WORK REQUIRED:
Transcribe the data that follows. Match it character for character.

++++

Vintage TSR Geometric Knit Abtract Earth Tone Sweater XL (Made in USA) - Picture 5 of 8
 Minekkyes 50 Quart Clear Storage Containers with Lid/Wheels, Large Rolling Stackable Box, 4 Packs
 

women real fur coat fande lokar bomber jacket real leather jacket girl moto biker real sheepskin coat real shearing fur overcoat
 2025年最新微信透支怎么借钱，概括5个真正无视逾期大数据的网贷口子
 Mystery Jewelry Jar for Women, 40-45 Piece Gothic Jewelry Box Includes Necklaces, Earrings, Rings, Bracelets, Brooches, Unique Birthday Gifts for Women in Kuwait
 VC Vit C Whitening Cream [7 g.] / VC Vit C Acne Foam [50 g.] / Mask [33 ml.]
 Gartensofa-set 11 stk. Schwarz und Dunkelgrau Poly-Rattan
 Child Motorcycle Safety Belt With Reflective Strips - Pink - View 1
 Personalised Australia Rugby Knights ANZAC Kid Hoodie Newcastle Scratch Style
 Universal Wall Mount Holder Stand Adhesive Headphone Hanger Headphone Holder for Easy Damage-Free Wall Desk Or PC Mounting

++++

RESULT BELOW:
Vintage TSR Geometric Knit Abtract Earth Tone Sweater XL (Made in USA) - Picture 5 of 8
 Minekkyes 50 Quart Clear Storage Containers with Lid/Wheels, Large Rolling Stackable Box, 4 Packs
 

women real fur coat fande lokar bomber jacket real leather jacket girl moto biker real sheepskin coat real shearing fur overcoat
 2025年最新微信透支怎么借钱，概括5个真正无视逾期大数据的网贷口子
 Mystery Jewelry Jar for Women, 40-45 Piece Gothic Jewelry Box Includes Necklaces, Earrings, Rings, Bracelets, Brooches, Unique Birthday Gifts for Women in Kuwait
 VC Vit C Whitening Cream [7 g.] / VC Vit C Acne Foam [50 g.] / Mask [33 ml.]
 Gartensofa-set 11 stk. Schwarz und Dunkelgrau Poly-Rattan
 Child Motorcycle Safety Belt With Reflective Strips - Pink - View 1
 Personalised Australia Rugby Knights ANZAC Kid Hoodie Newcastle Scratch Style
 Universal Wall Mount Holder Stand Adhesive Headphone Hanger Headphone Holder for Easy Damage-Free Wall Desk Or PC Mounting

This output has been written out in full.